Вот небольшой, но забавный пример. Все мы знаем, что во французском языке фиксированное ударение на последнем слоге (поэтому у них и нет силлаботоники), но в песнях эта строгость соблюдается не всегда и ударение при нужде можно ставить куда требует мелодия. Казалось бы, переводчику можно не обращать на это внимания. Но вот есть у Брассенса песенка, которая называется, я извиняюсь, «Putain de toi» («Ах ты шлюха!»), и в ней есть строчка «C’etait toi, c’etait toi, c’etait toi» («Это ты, это ты, это ты»). Так вот Брассенс поет ее так: «C’etait tOI, c’etAIt toi, c’Etait toi». То есть в трижды повторяющейся трехсложной лексеме ставит три разных ударения, и для французского уха это звучит нормативно. Что тут делать переводчику? Конечно, можно взять какое-то русское слово и смеху ради сделать в нем три разных ударения, тем более что песня шуточная. Но беда в том, что по-русски это будет уже не нормативно, и оригинал, таким образом, будет искажен. Впрочем, это, конечно, мелочи.

Во-вторых, как я уже говорил, тексты Брассенса версификационно изощрены до последней крайности. Легкость, виртуозность и обескураживающая регулярность, с которыми он использует моноримы, все виды анжамбеманов, каламбурные, составные и игровые рифмы, метаграммы, метаболы, аллитерации, парафразы, скрытые цитаты и проч., порой повергают переводчика в отчаянье. А пресловутая jeu de mots (игра словами) у Брассенса вообще возведена в творческий принцип, о чем он сам неоднократно заявлял. Воспроизвести в переводе даже малую часть всего этого инструментария немыслимо трудно, а чаще всего и невозможно.

Даже если делать не поэтический перевод, а просто подстрочник, то и здесь практически на каждую третью строчку впору давать сноску с классическим переводческим признанием в беспомощности: «в тексте оригинала непереводимая игра слов».

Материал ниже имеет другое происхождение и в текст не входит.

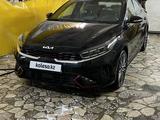 Kia Cerato 2024 года за 13 650 000 тг. в Костанай – фото 4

Возьмем для примера две строки из песни «Les quat’z’arts», описывающие шутовское погребальное шествие:

Ce n'étaient pas du tout des filles en tutu
Avec des fesse’ à claque’ et des chapeaux pointus

Во второй строке «Avec des fesse’ a claque’ et des chapeaux pointus» имеет место двойная игра слов, и я не уверен, что мне ее удастся доступно разъяснить даже в прозе. Ее буквальный перевод: «с задницами, по которым хочется дать шлепка, и в островерхих шляпках». Но, во-первых, «fesse’ à claque’», кроме своего прямого значения, это еще и парафраз идиомы «têtes à claque’», что означает «неприятная физиономия», или попросту «просит морда кирпича». Так что перевести «fesse’ à claque’" можно еще и как «просит жопа кирпича». А во-вторых, здесь наличествует перекрестный перенос эпитета — что-то вроде русского «он на сивой на телеге, на скрипучей лошади» (или, скажем, по этому же принципу построено известное стихотворение Хармса «Иван Топорышкин пошел на охоту»). То есть «Avec des chapeaux à claque’ et des fesse’ pointus» — в шапокляках (складных цилиндрах, которые обычно надевали на похороны) и с острыми задницами. Вот и попробуйте все это отразить в одной строке.

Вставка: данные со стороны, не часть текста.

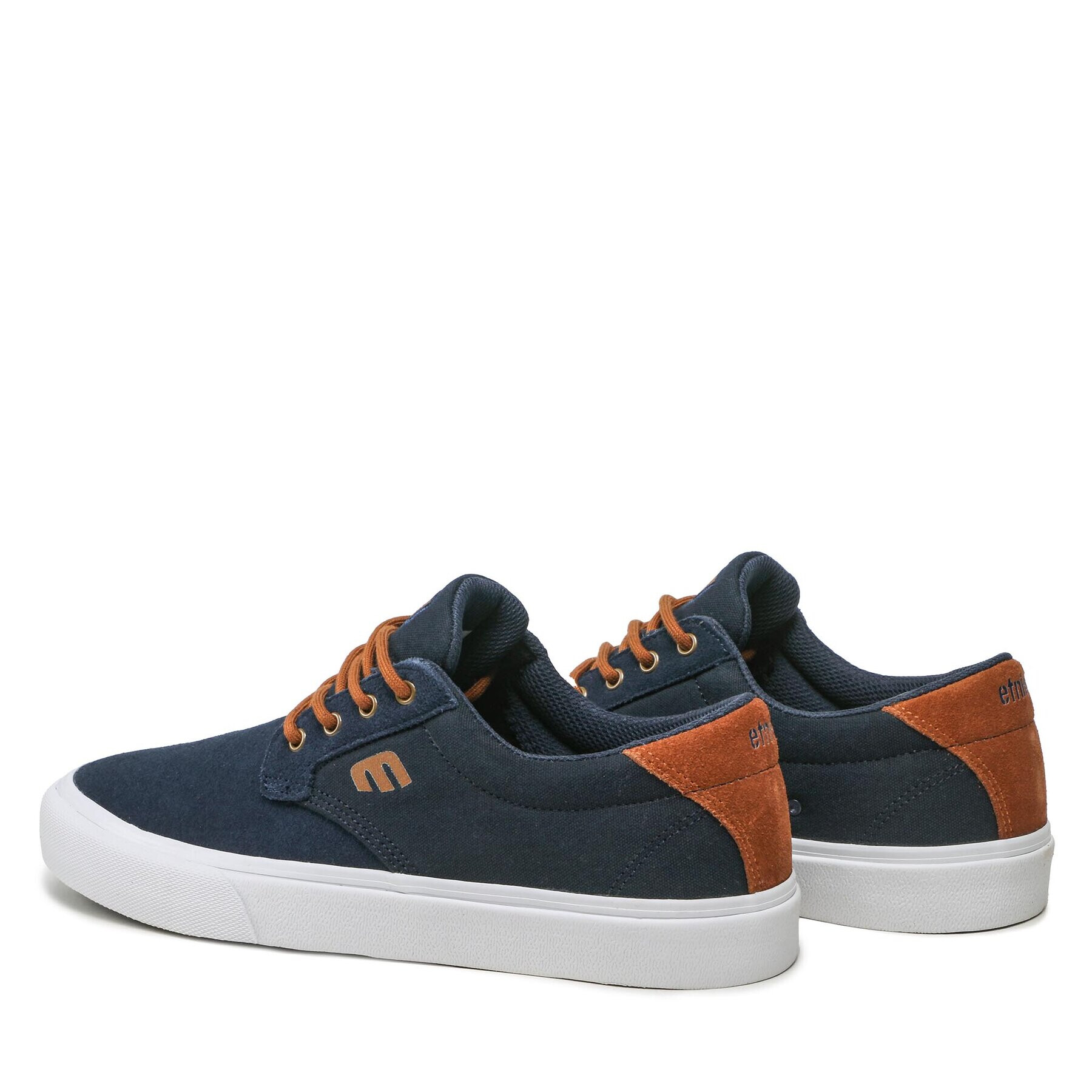 Etnies Sneakers Singleton Vulc Xlt 4101000556 Bleumarin - Pled.ro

Подобными вещами Брассенс развлекается практически на каждом шагу. И поскольку более или менее адекватно перевести это невозможно, приходится постоянно придумывать какую-нибудь «игровую» отсебятину, чтобы хоть как-то затушевать неизбежно возникающую художественную прореху. А чаще всего бывает так, что конкретно в этом месте ничего игрового придумать не удается, и тогда какой-нибудь кунштюк вставляется куда-то по соседству. Все это поневоле шаг за шагом уводит переводчика все дальше от оригинала, и получается, что большая часть перевода состоит из подобной отсебятины.

Или взять, к примеру, каламбуры. Во французском языке вообще очень много омонимов, и такому изощренному каламбуристу, как Брассенс, здесь есть где развернуться. И он таких возможностей не упускает. Вот, скажем, есть весьма популярное французское нецензурное словечко «con», которое чаще всего употребляется в значении, я извиняюсь, «мудак». Так вот оно полностью созвучно наречию «quand» («когда») и неопределенному личному местоимению «qu’on». Вдобавок есть очень много слов, начинающихся с приставок «con» и «com». И вот Брассенс пишет песню «Le temps ne fait rien à l’affaire» («Годы не делают погоды»), целиком построенную на обыгрывании этих омонимов.

Le temps ne fait rien à l’affaire,
Quand on est con, on est con!
Qu’on ait vingt ans, qu’on soit grand-père
Quand on est con, on est con!
Entre vous plus de controverses, cons caducs ou cons débutants.
Petits cons d’la dernière averse, vieux cons des neiges d’antan.

(Годы не делают погоды:
если человек мудак, то он мудак.
Что в двадцать лет, что в старости —
если человек мудак, то он мудак.
Между вами нет разницы,
мудак-ветеран или мудак-новичок,
желторотый мудак последнего призыва
или мудак былых времен.)

Как это переводить? Есть несколько переводов, где вся эта каламбурность просто опущена, что, по сути дела, убивает произведение на корню, потому что оно ради этих каламбуров, собственно, и написано. С другой стороны, в русском языке есть немало возможностей каламбурно обыграть пресловутое слово «мудак», но этот путь опять-таки текстуально очень далеко уведет от оригинала. Здесь перед нами встает извечная проблема поэтического перевода: чем пожертвовать — текстуальной близостью или художественным приемом? Соблюсти и то, и другое одновременно не удается практически никогда. Дилемма опять вырисовывается совершенно безнадежная — оба выбора плохи. И тут в каждом конкретном случае надо смотреть, что важнее, хотя этот выбор всегда остается на совести переводчика и будет чрезвычайно субъективен. Что до меня, то применительно к Брассенсу я ратую за максимально возможное сохранение поэтического тропа — порой даже в ущерб содержательной стороне. Хотя вполне допускаю и иную точку зрения. И все-таки, как бы то ни было, в переводах Брассенса жертвовать можно чем угодно, но только не версификационной безукоризненностью.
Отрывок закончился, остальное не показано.